**EXERCISE AIM**
Needed from the data below: every line from the one with "Image 2 of Thin Lizzy Matte Vinyl Sticker" up to and including the one with "14,000 baht ✨", repeated exactly and with nothing else.
╔══
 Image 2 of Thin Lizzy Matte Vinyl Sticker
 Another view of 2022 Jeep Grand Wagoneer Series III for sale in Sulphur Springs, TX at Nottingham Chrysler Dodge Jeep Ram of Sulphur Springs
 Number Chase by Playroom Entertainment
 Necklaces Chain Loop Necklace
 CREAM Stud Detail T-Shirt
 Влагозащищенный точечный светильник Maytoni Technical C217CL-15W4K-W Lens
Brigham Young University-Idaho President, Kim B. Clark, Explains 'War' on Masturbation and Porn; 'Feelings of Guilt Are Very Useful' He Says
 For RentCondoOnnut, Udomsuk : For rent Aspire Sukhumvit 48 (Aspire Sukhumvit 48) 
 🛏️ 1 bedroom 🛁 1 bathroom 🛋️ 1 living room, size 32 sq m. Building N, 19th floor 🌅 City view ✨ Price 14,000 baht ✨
╚══
╔══
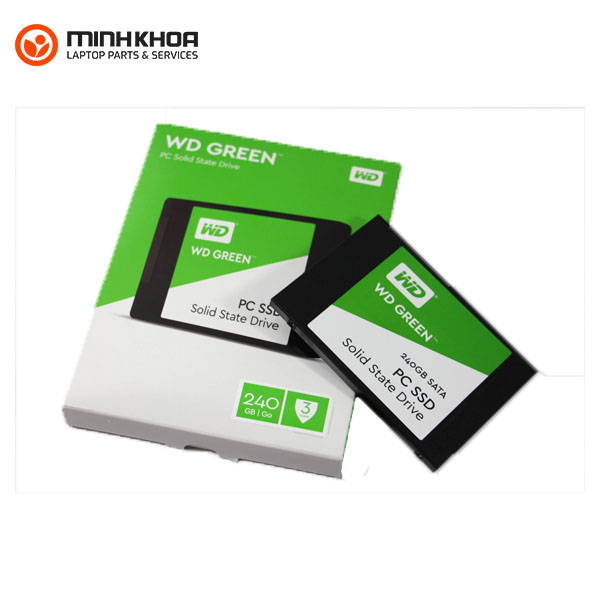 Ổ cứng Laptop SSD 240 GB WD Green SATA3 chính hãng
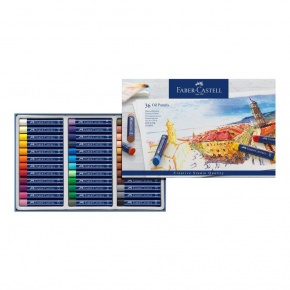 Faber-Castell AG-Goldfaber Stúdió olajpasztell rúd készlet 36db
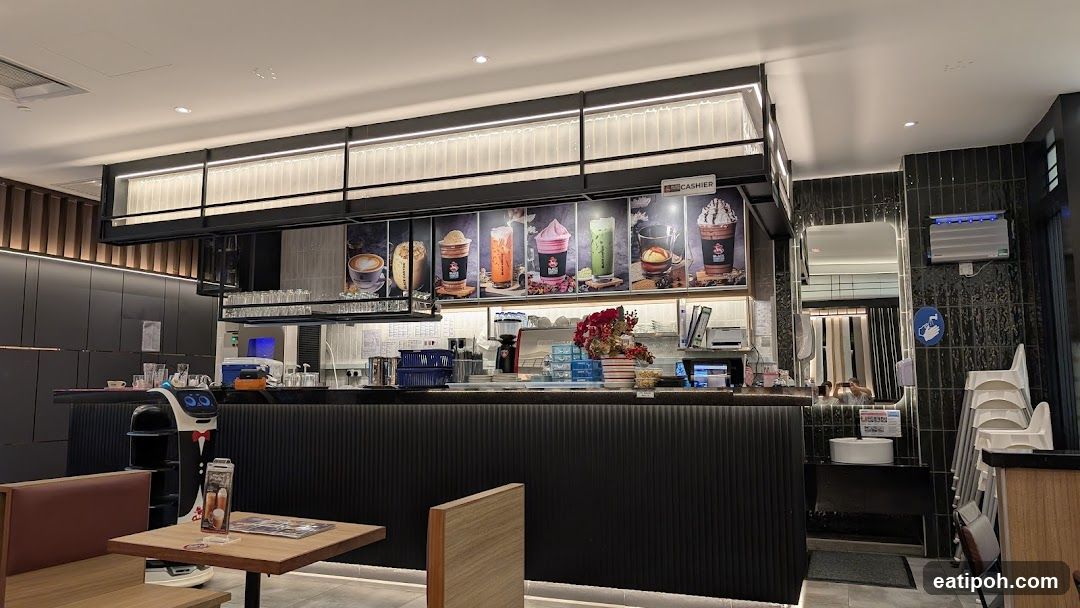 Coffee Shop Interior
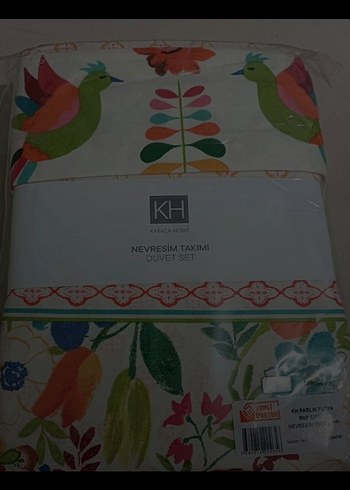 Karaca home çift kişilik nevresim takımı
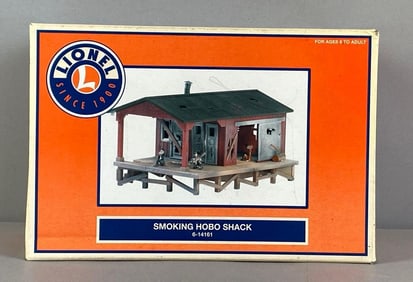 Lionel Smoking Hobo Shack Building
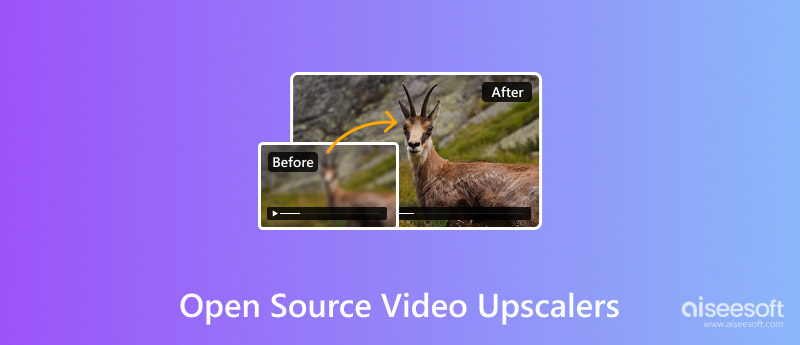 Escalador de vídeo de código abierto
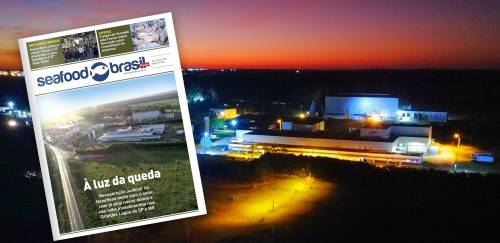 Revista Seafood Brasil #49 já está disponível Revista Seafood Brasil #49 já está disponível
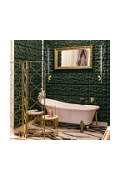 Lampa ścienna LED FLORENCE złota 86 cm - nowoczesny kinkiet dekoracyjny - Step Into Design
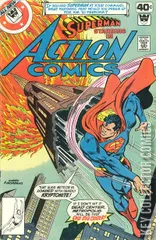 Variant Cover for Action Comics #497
╚══
**WRITTEN RESPONSE**
 Image 2 of Thin Lizzy Matte Vinyl Sticker
 Another view of 2022 Jeep Grand Wagoneer Series III for sale in Sulphur Springs, TX at Nottingham Chrysler Dodge Jeep Ram of Sulphur Springs
 Number Chase by Playroom Entertainment
 Necklaces Chain Loop Necklace
 CREAM Stud Detail T-Shirt
 Влагозащищенный точечный светильник Maytoni Technical C217CL-15W4K-W Lens
Brigham Young University-Idaho President, Kim B. Clark, Explains 'War' on Masturbation and Porn; 'Feelings of Guilt Are Very Useful' He Says
 For RentCondoOnnut, Udomsuk : For rent Aspire Sukhumvit 48 (Aspire Sukhumvit 48) 
 🛏️ 1 bedroom 🛁 1 bathroom 🛋️ 1 living room, size 32 sq m. Building N, 19th floor 🌅 City view ✨ Price 14,000 baht ✨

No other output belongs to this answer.